For a particular project I'm sticked with gcc and a 32 bits 12.04 LTS Ubuntu running on i7 Core supporting up to AVX SIMD instructions.
Due to the 32 bits OS, I apparently can't use the AVX instructions running on 256 bits. I have access to SSE4.2 instructions using 128bits and POPCNT can run on 16, 32 and 64 bits data, so looked promising. But I’ve tried several ways to provide 64 bits data to POPCNT without success. GCC 4.6.3 returns
- “unknown register name” for r8 to r15,
- “bad register name” for rax-rdx,
- when trying to provide mm registers or to give to my inline assembly function some uint64 or long long that are affected to registers in such a
way:
uint64 a, b;
__asm__ volatile (“POPCNT %1, %0;”
:”=r”(b)
:”r”(a)
:
)
gcc tells “operand type mismatch for popcnt”,
- and writing POPCNTQ leads to “invalid instruction suffix for popcnt”.
Would have been so nice if POPCNT was supporting 128 bits xmm registers...
Any workaround to apply POPCNT on 64 bits data in assembly?

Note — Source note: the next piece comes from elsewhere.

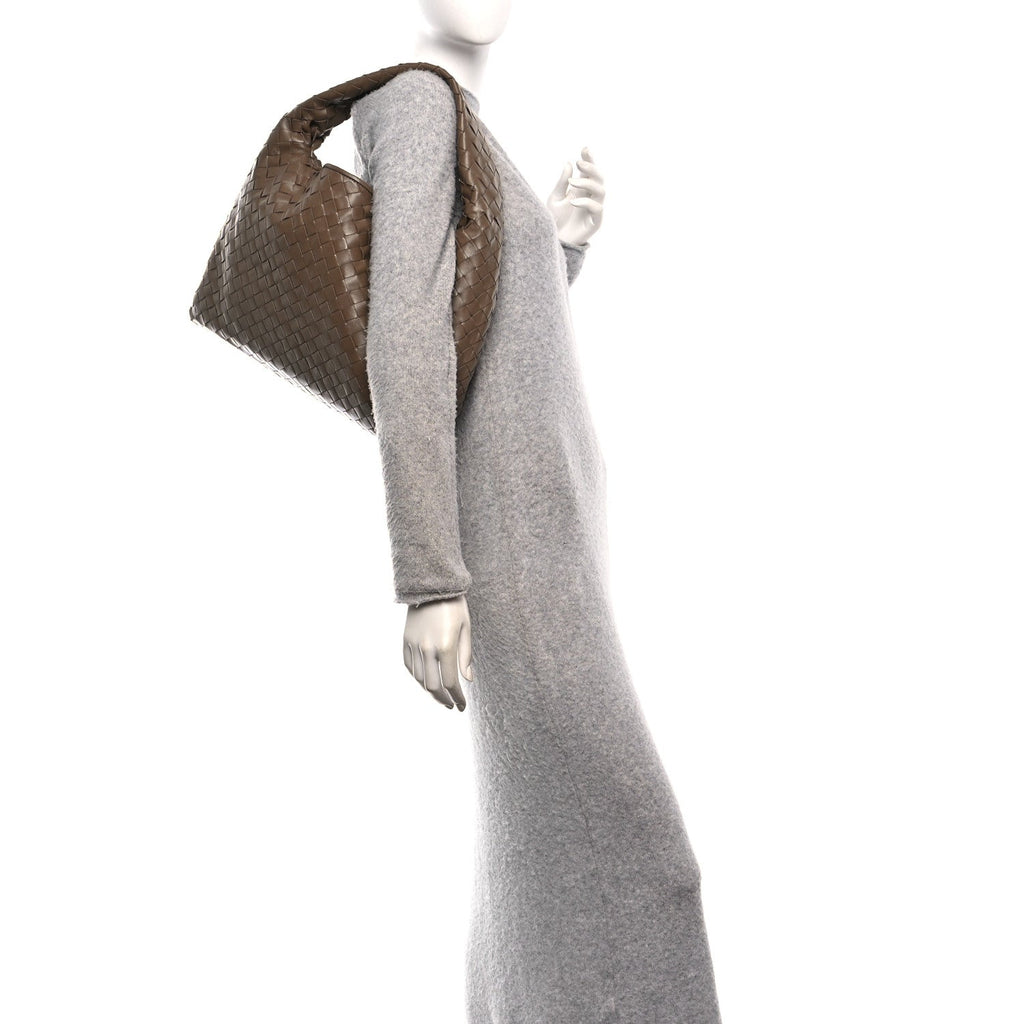 Calfskin Intrecciato Small Hop Pinecone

PS: discussion about SSSE3 popcount using shuffle compared to SSE4 POPCNT performance found its conclusion here http://danluu.com/assembly-intrinsics/ and was due only to the fact that using intrinsics doesn't always provide efficient assembly code. It's nice using intrinsics to optimize quickly C/C++ code and if that's enough to reach the needs, fine. But else I obtained a nearly 30% performance improvement coding popcount using shuffle in assembly compared to intrinsics one.